In unadjusted regression, the relationship between admission burden and rate of pulse oximetry use did not appear to be dose-dependent, and 95% CIs were wide. We then analyzed the data accounting for baseline differences in hospital monitoring rates and adjusted for the covariates significantly associated with continuous pulse oximetry monitoring in the primary study’s analysis with use of a mixed-effects model. As shown in the Table, low-burden units in which bronchiolitis constituted less than 10% of total admissions had a 2.16-fold increased odds of unnecessary pulse oximetry monitoring compared to high-burden units in which bronchiolitis constituted 40% or more of total admissions (95% CI, 1.27-3.69; P = .01).
In examining the subspecialty unit composition, 596 observations (25.2%) were conducted on units exclusively caring for general pediatrics patients. In the mixed-effects model adjusted for bronchiolitis admission burden and the covariates used in the study’s primary analysis, units exclusively caring for general pediatrics patients did not have significantly different independent odds of pulse oximetry monitoring use compared to units with a mixed patient population (OR 1.01; 95% CI, 0.71-1.45; P = .95) (Appendix Table).
DISCUSSION
In this multicenter observational study of children hospitalized with bronchiolitis not concurrently receiving supplemental oxygen, units that only occasionally cared for bronchiolitis patients appeared to be more likely to overuse continuous pulse oximetry during bronchiolitis hospitalizations.
This finding was not immediately apparent when examining the raw data because of wide hospital-level variation in continuous pulse oximetry monitoring use. However, when the high degree of hospital-level variation in baseline overuse was accounted for with use of a random intercept for each hospital in the mixed-effects model, units that cared for higher proportions of bronchiolitis patients had significantly lower odds of continuous pulse oximetry monitoring use compared to units that cared for these infants infrequently.
As many institutions have subspecialized units to cultivate nursing expertise for care of certain diseases and patient populations, we hypothesized that units caring primarily for children on general pediatrics units would also have lower rates of monitoring overuse compared to mixed units. Interestingly, these units did not perform better, likely because potential cultural factors that might contribute to differences in monitoring are accounted for by bronchiolitis admission burden.
Our findings build on prior literature by demonstrating that unit-level, as well as hospital-level, factors appear to drive overuse in healthcare. A prior single-site retrospective cohort study demonstrated an association between higher prevalence of inpatient bronchiolitis and decreased use of unnecessary interventions such as laboratory and radiographic testing, as well as steroid and antibiotic administration.11 Although study of the relationship between volume and quality is not new to healthcare, to our knowledge, this study is the first to examine the relationship between pulse oximetry overuse in bronchiolitis and unit-level factors like admission burden and subspecialty composition.
There are several limitations.

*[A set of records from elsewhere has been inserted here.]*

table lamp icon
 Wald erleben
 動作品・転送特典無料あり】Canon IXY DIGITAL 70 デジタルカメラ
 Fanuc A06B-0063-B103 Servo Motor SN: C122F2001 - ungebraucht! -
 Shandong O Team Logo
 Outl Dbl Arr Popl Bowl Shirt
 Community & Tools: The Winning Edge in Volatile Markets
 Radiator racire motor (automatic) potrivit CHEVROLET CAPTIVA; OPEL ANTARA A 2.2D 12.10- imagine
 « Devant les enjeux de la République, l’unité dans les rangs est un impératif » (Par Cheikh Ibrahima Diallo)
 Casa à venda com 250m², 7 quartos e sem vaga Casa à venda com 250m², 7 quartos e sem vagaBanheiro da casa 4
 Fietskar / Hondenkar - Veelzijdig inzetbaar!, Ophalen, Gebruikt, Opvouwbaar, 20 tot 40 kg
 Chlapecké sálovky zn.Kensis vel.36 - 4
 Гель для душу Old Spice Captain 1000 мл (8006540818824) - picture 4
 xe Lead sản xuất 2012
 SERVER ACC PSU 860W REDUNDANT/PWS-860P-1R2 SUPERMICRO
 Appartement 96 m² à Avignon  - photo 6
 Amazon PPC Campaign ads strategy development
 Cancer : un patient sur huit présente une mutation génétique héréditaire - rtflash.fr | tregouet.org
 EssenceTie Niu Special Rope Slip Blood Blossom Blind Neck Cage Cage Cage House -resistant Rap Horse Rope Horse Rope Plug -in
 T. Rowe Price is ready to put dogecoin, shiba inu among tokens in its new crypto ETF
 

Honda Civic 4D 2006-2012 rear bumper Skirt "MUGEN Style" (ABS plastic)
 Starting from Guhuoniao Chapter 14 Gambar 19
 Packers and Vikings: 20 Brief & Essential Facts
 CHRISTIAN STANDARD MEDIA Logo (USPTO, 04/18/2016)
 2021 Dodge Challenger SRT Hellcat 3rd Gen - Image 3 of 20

First, because the study population included only children not receiving supplemental oxygen, both the parent study and this substudy assumed that all observed use of pulse oximetry monitoring was overuse. In some cases, however, there may have been other compelling clinical reasons, institutional policies, or differences in pulse oximetry availability that were not captured during data collection or in our adjusted model. Second, hospitals used convenience sampling. It is possible this resulted in samples that were not representative of each unit’s underlying patient population or monitoring practice. In addition, not all of the 32 eligible sites were able to provide data related to hospital admissions at the unit level and thus are not included in our analysis. This remains a potential source of hospital-level selection bias.
CONCLUSION
These findings demonstrate that high bronchiolitis admission burden correlates with lower rates of unnecessary pulse oximetry monitoring in bronchiolitis. We speculate that these outcomes might reflect differing degrees of nursing comfort, expertise, and unit-level norms in caring for bronchiolitis patients, although our study was not designed to establish underlying causes. Identification of operating principles that underpin low pulse oximetry monitoring on high-burden units will provide guidance for decreasing unnecessary monitoring and will inform future studies seeking ways to discourage continuous pulse oximetry monitoring in low-risk infants. Given the institutional variation in monitoring rates, future studies examining both institution-wide and unit-level interventions will be necessary to decrease unnecessary pulse oximetry monitoring in bronchiolitis. Furthermore, these findings may be relevant to studying care quality in other disease processes, with bronchiolitis serving as a model illness for overuse.
Acknowledgments
The authors acknowledge the National Heart, Lung, and Blood Institute of the National Institutes of Health scientists who contributed their expertise to this project as part of the U01 Cooperative Agreement funding mechanism as federal employees conducting their official job duties: Lora Reineck, MD, MS, Karen Bienstock, MS, and Cheryl Boyce, PhD. The authors thank the executive council of the Pediatric Research in Inpatient Settings Network for their contributions to the early scientific development of this project. The network assessed a Collaborative Support Fee for access to the hospitals and support of this project.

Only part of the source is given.